▼

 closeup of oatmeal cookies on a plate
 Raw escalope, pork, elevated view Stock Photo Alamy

▲
▼

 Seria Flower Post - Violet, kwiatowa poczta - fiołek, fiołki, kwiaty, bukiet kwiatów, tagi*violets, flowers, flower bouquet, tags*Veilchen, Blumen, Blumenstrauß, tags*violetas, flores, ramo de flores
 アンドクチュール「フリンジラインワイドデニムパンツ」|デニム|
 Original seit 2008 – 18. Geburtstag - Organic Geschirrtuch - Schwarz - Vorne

▲

Only the lines above starting at the line that holds "アンドクチュール「フリンジラインワイドデニムパンツ」|デニム|" and ending at the line that holds "Original seit 2008" are to be repeated, exactly and in full.

 アンドクチュール「フリンジラインワイドデニムパンツ」|デニム|
 Original seit 2008 – 18. Geburtstag - Organic Geschirrtuch - Schwarz - Vorne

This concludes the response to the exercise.